Here is a reproducible example:

library(ggplot2)
source("http://peterhaschke.com/Code/multiplot.R") #load multiplot function

#make sample data
col1 <- c(2, 4, 1, 2, 5, 1, 2, 0, 1, 4, 4, 3, 5, 2, 4, 3, 3, 6, 5, 3, 6, 4, 3, 4, 4, 3, 4, 
          2, 4, 3, 3, 5, 3, 5, 5, 0, 0, 3, 3, 6, 5, 4, 4, 1, 3, 3, 2, 0, 5, 3, 6, 6, 2, 3, 
          3, 1, 5, 3, 4, 6)
col2 <- c(2, 4, 4, 0, 4, 4, 4, 4, 1, 4, 4, 3, 5, 0, 4, 5, 3, 6, 5, 3, 6, 4, 4, 2, 4, 4, 4, 
          1, 1, 2, 2, 3, 3, 5, 0, 3, 4, 2, 4, 5, 5, 4, 4, 2, 3, 5, 2, 6, 5, 2, 4, 6, 3, 3, 
          3, 1, 4, 3, 5, 4)
col3 <- c(2, 5, 4, 1, 4, 2, 3, 0, 1, 3, 4, 2, 5, 1, 4, 3, 4, 6, 3, 4, 6, 4, 1, 3, 5, 4, 3, 
          2, 1, 3, 2, 2, 2, 4, 0, 1, 4, 4, 3, 5, 3, 2, 5, 2, 3, 3, 4, 2, 4, 2, 4, 5, 1, 3, 
          3, 3, 4, 3, 5, 4)
col4 <- c(2, 5, 2, 1, 4, 1, 3, 4, 1, 3, 5, 2, 4, 3, 5, 3, 4, 6, 3, 4, 6, 4, 3, 2, 5, 5, 4,
          2, 3, 2, 2, 3, 3, 4, 0, 1, 4, 3, 3, 5, 4, 4, 4, 3, 3, 5, 4, 3, 5, 3, 6, 6, 4, 2, 
          3, 3, 4, 4, 4, 6)
data2 <- data.frame(col1,col2,col3,col4)
data2[,1:4] <- lapply(data2[,1:4], as.factor)
colnames(data2)<- c("A","B","C", "D")

#generate plots
myplots <- list()  # new empty list
for (i in 1:4) {
  p1 <- ggplot(data=data.frame(data2),aes(x=data2[ ,i]))+ 
    geom_histogram(fill="lightgreen") +
    xlab(colnames(data2)[ i])
  print(i)
  print(p1)
  myplots[[i]] <- p1  # add each plot into plot list
}
multiplot(plotlist = myplots, cols = 4)

When I look at a summary of a plot object in the plot list, this is what I see

> summary(myplots[[1]])
data: A, B, C, D [60x4]
mapping:  x = data2[, i]
faceting: facet_null() 
-----------------------------------
geom_histogram: fill = lightgreen 
stat_bin:  
position_stack: (width = NULL, height = NULL)

I think that mapping: x = data2[, i] is the problem, but I am stumped!
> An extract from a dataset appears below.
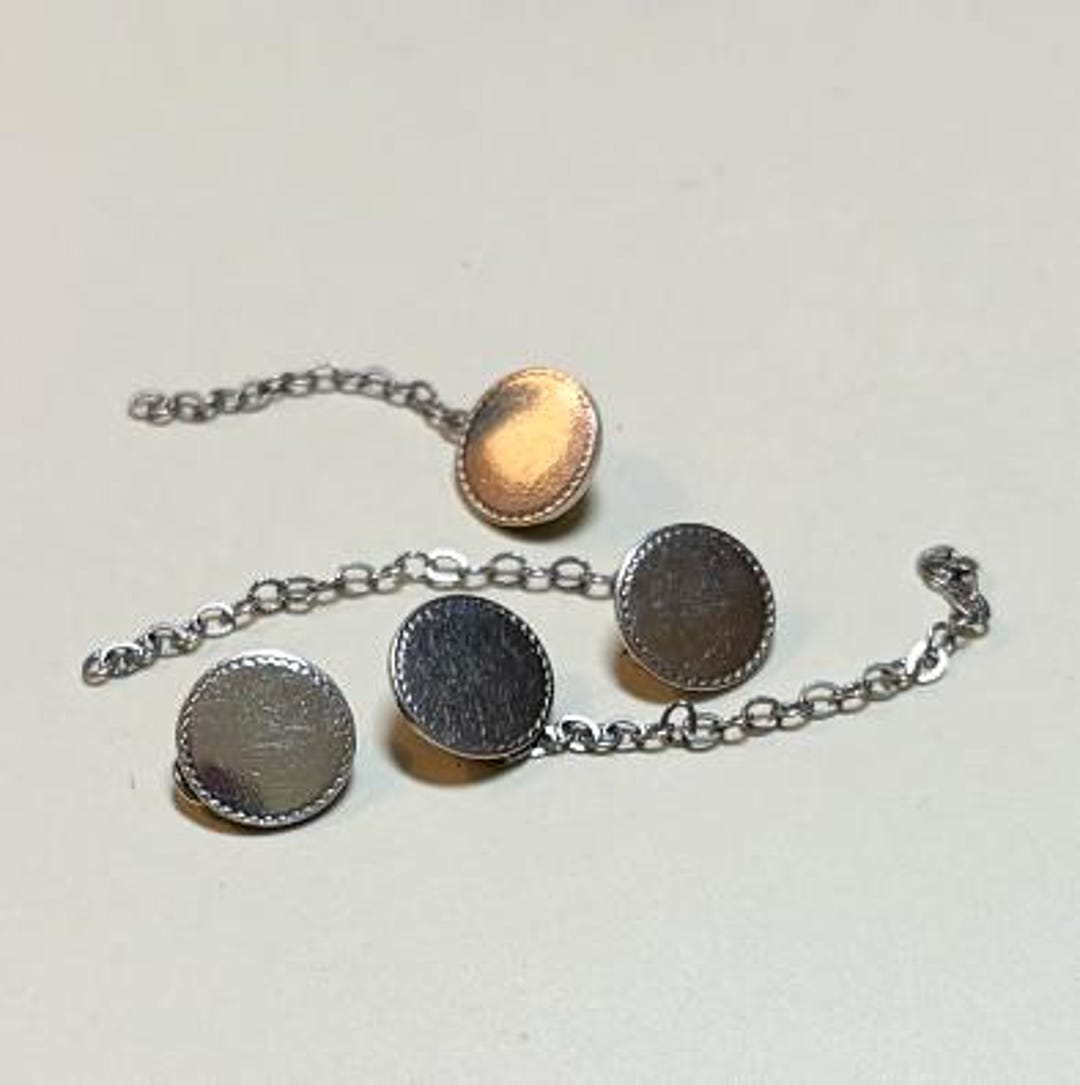 Four Vintage Little Round Pins With Chain, Silvertone Metal, Engravable ...
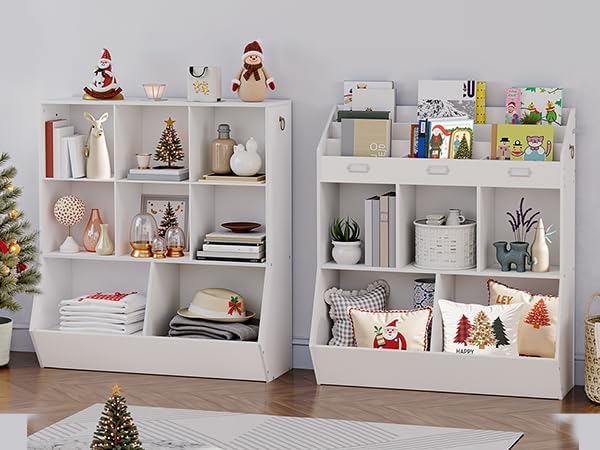 HOOBRO Kids Bookshelf, Toy Storage Organzier with 8 Cubicles, Bookcase Footboard, Bookshelf for Kids, for Playroom, Nursery, Bedroom, and School, White WT35CW01G1 - Image 2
I can't post images, so you'll need to run my example and look at the graphs if my explanation of the problem is confusing.

Thanks!

2
  • link to multiplot is dead Commented Oct 8, 2019 at 11:49
  • The link works for me. I added a post with the graphs. Commented Apr 9, 2021 at 14:46

5 Answers 5

99

In addition to the other excellent answer, here’s a solution that uses “normal”-looking evaluation rather than eval. Since for loops have no separate variable scope (i.e. they are performed in the current environment) we need to use local to wrap the for block; in addition, we need to make i a local variable — which we can do by re-assigning it to its own name1:

myplots <- vector('list', ncol(data2))

for (i in seq_along(data2)) {
    message(i)
    myplots[[i]] <- local({
        i <- i
        ggplot(data2, aes(x = data2[[i]])) +
            geom_histogram(fill = "lightgreen") +
            xlab(colnames(data2)[i])
    })
}

However, an altogether cleaner way is to forego the for loop entirely and use list functions to build the result. This works in several possible ways. The following is the easiest in my opinion:

plot_data_column = function (data, column) {
    ggplot(data, aes_string(x = column)) +
        geom_histogram(fill = "lightgreen") +
        xlab(column)
}

myplots <- lapply(colnames(data2), plot_data_column, data = data2)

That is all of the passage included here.